Es función de los padres, de los abuelos, de los familiares y amigos, actuar como adultos y entender que el posicionamiento del mayor no es puramente egoísta, es de defensa de sus derechos, pues de otra manera se siente no solo relegado, sino indefenso. Verdad es también que encontramos algunos casos patológicos, afectos de la denominada celotipia, que se cronifican y esta se hace más incisiva, más grave, más preocupante. Compartir, ser solidario, es una muy buena vacuna contra los posicionamientos donde el «Yo» impera. Es misión de los adultos trasladar la importancia a los hijos de ser hermano, de quererse aun en la discrepancia, de ayudarse aun cuando los intereses sean dispares.

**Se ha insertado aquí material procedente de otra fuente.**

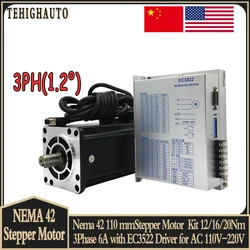 Nema 42 3Phase Hybrid Open Loop Stepper Motor+EC3522 Drive Kits 3Phase 220V 6A 110mm Stepper Motor 12/16/20N.m Shaft 19mm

Y, más allá de los celos del príncipe destronado, déjenme señalar el peligro cierto de los celos de los adultos, que pueden ser en el terreno del trabajo, o del arte, o del deporte, pero generalmente en el de la emoción y el sentimiento. Esos celos, peligrosísimos para el otro y muy tóxicos para uno mismo, donde el narcisismo y la egolatría priman, donde se busca imponer la dominancia y el poder.
Educar en el «Tú», el «Nosotros», es precioso. La generosidad, el altruismo, resulta tan preventivo como sanador.